The weather was as balmy as it has been since my return from Virginia, but since there are still no leaves on the deciduous trees, shade was hard to come by. I cracked all the windows and depended on a tree trunk for a little shade, but I ended up worrying about the dogs the whole time I was in Woodstock, which subtracted somewhat from my experience there. I probably shouldn't have brought them, but it was Sally's birthday, and she considers letting her sleep in the backseat of the car a good present.
Somehow today Gretchen took advantage of today's superior weekend timeslot and managed, through her various publicity channels, to fill the place to capacity (and then some). More chairs were found to accommodate those forced to stand. Who knew poetry could be so popular? Gretchen had been told there was no way a poetry event could fill the Kleinert, and she'd taken that more as a challenge than as a reality. And so reality itself had bent to her wishes. [REDACTED]
Today's panel included an older group of poets, including two who had taught Gretchen when she'd studied poetry in a master's degree program at Sarah Lawrence. The theme of today's panel was "Evolution of a Poet," comparing and contrasting poems from early in a career to those produced with the full wisdom of maturity. As with the panel Gretchen had moderated yesterday, it was much better (and certainly funnier) than other poetry events I've suffered through in the past. At some point, though, I felt bad about the dogs out in the car and I left to let them run around in a field.
After the panel dissolved, the crowd drained away, leaving a relatively small audience for the next panel: Behind the Scenes of Rock & Roll. (This might have been the first time in Woodstock's recorded history that rock and roll emptied a room.) I found myself chatting with Deborah, Nancy, and Sarah (the first two being the closest friends with those names and the last being one of the panelist's from yesterday's poetry panel). Eventually Deborah, Nancy, and I decided to go get a meal at the Garden Café, but as we were heading over there, Gretchen ran after us and said she'd be going to Joshua's, the restaurant across the street (which I only know from its cozy upstairs bar, which was the part we'd be going to). As with yesterday, we'd be sitting at a table with all (or, actually, all but one) of the panelists: Vijay, Tim, and Jean, as well as Sarah from yesterday. It was like sitting at the cool kids' table again. With the possible exception of Nancy, Sarah and Vijay were the WASPiest people at our table (Vijay is ethnically some sort of Subcontinental Indian, though he copped to WASPiness), and so they ordered martinis, a beverage I almost never see. It wasn't long before our table was home to a rolicking, semi-intoxicated and highly-intellectual conversation.
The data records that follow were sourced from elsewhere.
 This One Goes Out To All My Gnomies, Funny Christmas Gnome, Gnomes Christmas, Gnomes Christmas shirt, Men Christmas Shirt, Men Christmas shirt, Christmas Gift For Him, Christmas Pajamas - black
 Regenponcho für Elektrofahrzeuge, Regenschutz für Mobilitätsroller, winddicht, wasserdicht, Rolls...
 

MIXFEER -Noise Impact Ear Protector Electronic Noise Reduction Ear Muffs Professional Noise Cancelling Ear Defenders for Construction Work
The conversation centered around poetry (at times devolving into obscure jargon and references that at one point I labeled "going down the rabbit hole"). Other times it was more philosophical. Tim, for example, had written a poem about Bonobo apes (the female-dominated species that settles disputes with love, not war), and there's always a lot to be said about Bonobos.
Normally Deborah is overscheduled with work and studying (she's taking online courses in pursuit of a career teaching autistic kids), but evidently she'd taken all of today off, and wanted to know what was next after lupper at Joshua's. Gretchen and the poets would be going to another fancy buffet at Oriole 9, but there was no way all of us could sneak in there (and otherwise it was $50/each). So Deborah decided Nancy and I should join her and attend an art opening she'd heard about over in Kingston.
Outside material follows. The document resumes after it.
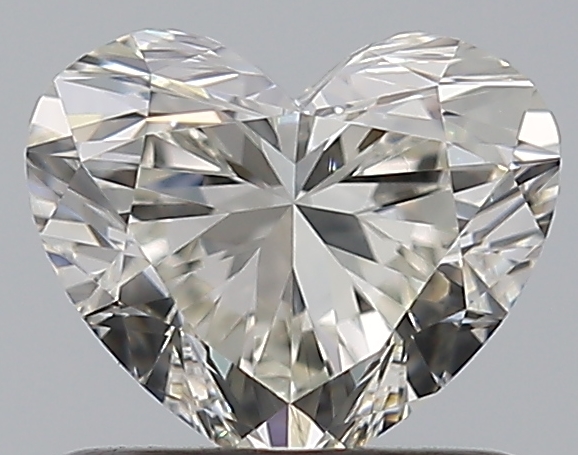 0.71 CaratJ-IF - Cut Heart Diamond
Getting there was a little complicated by the fact that we'd all gone to Woodstock in separate cars. We all first went to my place, where I let a dog named Lila out of the basement guestroom. She'd been put there by R&K, our guests for the night, who had driven up from Westchester to attend the Writers' Festival. Lila was yet another black dog with a white marking on he chest. Technically, she was brownish-black and had a white "glove" on one paw that looked like a permanent bandage. She was also about 50% bigger than Sally or Eleanor. Our dogs seemed to get along okay with her, though the cats were nervous. But it turned out that Lila had almost no interest in cats.
I carpooled to the art opening with Deborah from Nancy's house. It was over in the old industrial heart of Kingston, in the street grid northeast of Broadway, served by a railroad track. This is Kingston's very own rustbelt, with big brick factories that used to make single products. The place we were going to was across the street from a beautiful boarded-up building that used to manufacture lace curtains. It even had its own power plant and smokestack.
The art opening was a big event, with lots of galleries all showing works by different artists. There was, however, a flaw. It seemed the person in charge of providing refreshments was a Mormon. I said that jokingly to Nancy, and she actually believed me. But what I meant was that a crucial ingredient for the appreciation of art was missing: wine. I did, however, find one exhibit I liked. An art teacher had taken iconic photographs, cut them up into a grid, assigned individual squares to students to reproduce in their own style, and then reassembled them. They looked as if they'd gone through an interesting Photoshop effect.
At some point, a group of women in a Zumba class began dancing to World Music in a mirrored dance room, and that was kind of entertaining, especially when comparing the most frigid dancer with the most exuberant one.
Kingston is odd little city, and its full of weird mutants, the kind that you find yourself doing a double-take upon seeing. There was this one young man with a very small jaw. I felt sorry for the guy, but then later I saw that one of the more attractive women in the Zumba dance class was evidently his girlfriend. There was also a trollish young man who seemed to be working on a premature humpback.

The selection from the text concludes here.